In [58]:
import pandas as pd
from gensim import utils
from gensim.models.doc2vec import TaggedDocument
from gensim.models import Doc2Vec
from sklearn.tree import DecisionTreeClassifier
from sklearn.metrics import accuracy_score
import optuna
from sklearn.model_selection import cross_val_score

### Step 1 - Import Train and Test Data

In [2]:
# Load training set from CSV
train_data = pd.read_csv("train_data.csv")
# Load test set from CSV
test_data = pd.read_csv("test_data.csv")

### Step 2 - Pre-process Text

In [6]:
# Apply simple pre-processing function to train data
train_data['train_tokens'] = train_data['modified_clause_text'].apply(utils.simple_preprocess)
# Apply simple pre-processing function to test data
test_data['test_tokens'] = test_data['modified_clause_text'].apply(utils.simple_preprocess)

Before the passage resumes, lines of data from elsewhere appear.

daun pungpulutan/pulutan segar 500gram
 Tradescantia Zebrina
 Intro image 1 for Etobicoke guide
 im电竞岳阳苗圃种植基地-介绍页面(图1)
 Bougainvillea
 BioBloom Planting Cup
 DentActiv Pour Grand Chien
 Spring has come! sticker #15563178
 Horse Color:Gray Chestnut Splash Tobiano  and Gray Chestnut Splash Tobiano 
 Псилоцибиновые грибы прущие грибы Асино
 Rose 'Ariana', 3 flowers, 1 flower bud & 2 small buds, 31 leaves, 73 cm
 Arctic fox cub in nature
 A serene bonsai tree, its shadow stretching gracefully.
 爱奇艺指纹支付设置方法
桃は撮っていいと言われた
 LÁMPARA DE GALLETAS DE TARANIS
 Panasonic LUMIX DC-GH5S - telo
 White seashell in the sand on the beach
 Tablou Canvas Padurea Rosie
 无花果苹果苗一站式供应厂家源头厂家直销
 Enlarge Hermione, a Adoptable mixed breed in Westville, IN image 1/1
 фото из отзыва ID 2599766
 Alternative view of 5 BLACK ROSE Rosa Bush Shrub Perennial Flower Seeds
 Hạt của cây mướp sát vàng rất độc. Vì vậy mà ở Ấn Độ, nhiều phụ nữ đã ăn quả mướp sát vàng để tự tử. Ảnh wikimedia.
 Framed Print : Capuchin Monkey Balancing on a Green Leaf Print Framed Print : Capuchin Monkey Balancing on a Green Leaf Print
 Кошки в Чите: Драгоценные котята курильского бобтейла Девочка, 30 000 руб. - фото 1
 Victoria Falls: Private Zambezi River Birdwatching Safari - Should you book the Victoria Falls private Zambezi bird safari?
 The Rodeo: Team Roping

### Step 3 - Tag the Documents

In [13]:
# Produce unique identifier for Doc2Vec to work on document using index as unique tag
tagged_data = [TaggedDocument(words=_d, tags=[str(i)]) for i, _d in enumerate(train_data['train_tokens'])]

### Step 4 - Function to Train the Doc2Vec model and Extract Vectors for Train and Test sets

In [44]:
# Initialize the Doc2Vec model using PV-DM (which is like CBOW) 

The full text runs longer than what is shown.